Records:

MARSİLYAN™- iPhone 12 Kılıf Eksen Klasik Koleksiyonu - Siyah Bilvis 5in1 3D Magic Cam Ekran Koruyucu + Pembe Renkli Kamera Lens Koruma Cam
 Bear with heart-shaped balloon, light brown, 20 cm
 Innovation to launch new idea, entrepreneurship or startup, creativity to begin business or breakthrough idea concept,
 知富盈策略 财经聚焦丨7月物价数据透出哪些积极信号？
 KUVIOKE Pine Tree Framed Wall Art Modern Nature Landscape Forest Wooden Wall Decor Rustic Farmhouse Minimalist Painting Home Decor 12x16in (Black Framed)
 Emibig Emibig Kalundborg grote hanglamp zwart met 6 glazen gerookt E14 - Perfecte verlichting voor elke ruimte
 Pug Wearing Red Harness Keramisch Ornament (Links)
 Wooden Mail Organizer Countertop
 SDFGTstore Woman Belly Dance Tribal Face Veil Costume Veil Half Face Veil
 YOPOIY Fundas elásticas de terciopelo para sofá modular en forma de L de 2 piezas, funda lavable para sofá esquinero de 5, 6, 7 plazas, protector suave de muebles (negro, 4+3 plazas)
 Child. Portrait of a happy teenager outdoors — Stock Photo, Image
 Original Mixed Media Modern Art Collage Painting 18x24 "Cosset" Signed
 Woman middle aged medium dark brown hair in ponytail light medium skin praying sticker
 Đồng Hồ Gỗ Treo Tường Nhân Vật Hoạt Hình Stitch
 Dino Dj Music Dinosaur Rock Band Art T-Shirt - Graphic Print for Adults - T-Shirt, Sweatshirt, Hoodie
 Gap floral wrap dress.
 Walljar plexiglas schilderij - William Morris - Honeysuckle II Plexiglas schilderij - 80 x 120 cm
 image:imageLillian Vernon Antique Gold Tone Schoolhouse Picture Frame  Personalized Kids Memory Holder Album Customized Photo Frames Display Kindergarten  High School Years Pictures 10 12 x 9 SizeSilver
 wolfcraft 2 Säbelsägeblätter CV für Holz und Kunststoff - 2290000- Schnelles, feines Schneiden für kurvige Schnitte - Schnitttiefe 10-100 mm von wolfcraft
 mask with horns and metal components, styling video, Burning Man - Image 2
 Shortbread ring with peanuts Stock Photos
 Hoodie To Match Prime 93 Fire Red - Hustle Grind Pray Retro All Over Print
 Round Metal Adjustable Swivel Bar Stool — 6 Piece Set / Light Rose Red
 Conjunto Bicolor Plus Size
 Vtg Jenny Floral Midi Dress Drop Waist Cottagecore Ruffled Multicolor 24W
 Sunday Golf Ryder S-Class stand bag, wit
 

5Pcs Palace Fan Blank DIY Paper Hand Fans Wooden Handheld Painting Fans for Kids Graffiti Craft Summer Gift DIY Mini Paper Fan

Work to complete: Look through the records and copy every line that has the word "Wooden".

Expected output:
 KUVIOKE Pine Tree Framed Wall Art Modern Nature Landscape Forest Wooden Wall Decor Rustic Farmhouse Minimalist Painting Home Decor 12x16in (Black Framed)
 Wooden Mail Organizer Countertop
5Pcs Palace Fan Blank DIY Paper Hand Fans Wooden Handheld Painting Fans for Kids Graffiti Craft Summer Gift DIY Mini Paper Fan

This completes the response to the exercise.